No, you're assuming that the speed is constant. :redface:

What is constant? :wink:
 
  • #3
tiny-tim said:
Hi Ohoneo! :smile:

(have a theta: θ and try using the X2 and X2 icons just above the Reply box :wink:)


No, you're assuming that the speed is constant. :redface:

What is constant? :wink:


Ah, thanks! I was wondering how to enter those!
See, that's where I'm confused. Acceleration would be constant in the y direction (-9.80 m/s2), and then acceleration would be 0 in the x direction... but, then, nothing else is constant.
 
  • #4
Ohoneo said:
… acceleration would be 0 in the x direction...

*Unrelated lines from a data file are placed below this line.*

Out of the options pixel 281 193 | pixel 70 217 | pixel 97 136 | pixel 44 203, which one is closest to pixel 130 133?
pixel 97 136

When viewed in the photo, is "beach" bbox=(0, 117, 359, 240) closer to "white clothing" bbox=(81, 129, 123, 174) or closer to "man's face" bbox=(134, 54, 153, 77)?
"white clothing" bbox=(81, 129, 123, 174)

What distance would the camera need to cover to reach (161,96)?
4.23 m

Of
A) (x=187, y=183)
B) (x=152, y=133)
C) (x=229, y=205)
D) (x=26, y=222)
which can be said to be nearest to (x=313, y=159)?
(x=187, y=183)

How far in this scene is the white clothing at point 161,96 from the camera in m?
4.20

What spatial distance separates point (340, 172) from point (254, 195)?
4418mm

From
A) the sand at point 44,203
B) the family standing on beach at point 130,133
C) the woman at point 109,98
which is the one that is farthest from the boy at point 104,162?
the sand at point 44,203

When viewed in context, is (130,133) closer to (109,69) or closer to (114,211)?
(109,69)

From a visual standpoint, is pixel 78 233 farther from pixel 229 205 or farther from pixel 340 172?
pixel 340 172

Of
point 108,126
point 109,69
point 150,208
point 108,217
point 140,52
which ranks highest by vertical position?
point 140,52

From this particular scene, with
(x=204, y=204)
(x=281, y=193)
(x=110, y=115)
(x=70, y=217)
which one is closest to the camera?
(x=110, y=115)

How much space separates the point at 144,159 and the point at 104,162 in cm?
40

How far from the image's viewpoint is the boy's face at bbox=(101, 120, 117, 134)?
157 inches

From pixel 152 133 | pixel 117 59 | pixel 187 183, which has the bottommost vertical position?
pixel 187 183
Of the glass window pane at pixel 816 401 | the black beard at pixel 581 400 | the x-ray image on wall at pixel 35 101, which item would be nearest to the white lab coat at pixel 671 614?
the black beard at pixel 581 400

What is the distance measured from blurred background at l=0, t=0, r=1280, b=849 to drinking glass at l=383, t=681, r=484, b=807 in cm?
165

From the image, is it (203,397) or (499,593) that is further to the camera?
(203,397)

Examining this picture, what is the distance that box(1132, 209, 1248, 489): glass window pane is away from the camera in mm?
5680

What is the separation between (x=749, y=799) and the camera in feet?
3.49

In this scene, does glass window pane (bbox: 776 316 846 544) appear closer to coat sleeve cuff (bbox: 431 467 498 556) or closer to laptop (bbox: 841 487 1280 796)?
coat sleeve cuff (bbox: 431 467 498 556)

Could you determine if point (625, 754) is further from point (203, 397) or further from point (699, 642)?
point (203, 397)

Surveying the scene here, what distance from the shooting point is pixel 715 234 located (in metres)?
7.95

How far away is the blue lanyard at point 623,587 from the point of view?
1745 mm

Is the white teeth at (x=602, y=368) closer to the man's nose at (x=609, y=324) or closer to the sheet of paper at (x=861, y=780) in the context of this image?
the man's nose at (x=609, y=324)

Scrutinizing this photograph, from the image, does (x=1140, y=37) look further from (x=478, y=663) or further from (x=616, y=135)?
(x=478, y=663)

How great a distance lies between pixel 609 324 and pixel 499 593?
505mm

yup! :smile: … so the component of velocity in the x direction must be constant! :wink:
 
  • #5
tiny-tim said:
yup! :smile: … so the component of velocity in the x direction must be constant! :wink:

Alright, so using that I found that at 20 degrees, vx = 21 m/s
So, I need to find v, or vy.
to do that, I plugged in 21 = v cos 20
So I found that v = 22 m/s
Then I plugged that into 222 = 212 + vy2
So I got vy = 7.6. So I plugged into vy(final) = vy(initial) + ayt
And I got t = .13 seconds.. which is still wrong =/
 
  • #6
Hi Ohoneo! :smile:

Your equations look correct, but you're not using enough significant figures

in the middle of a calculation, you must always use more sig figs than you need in the final answer …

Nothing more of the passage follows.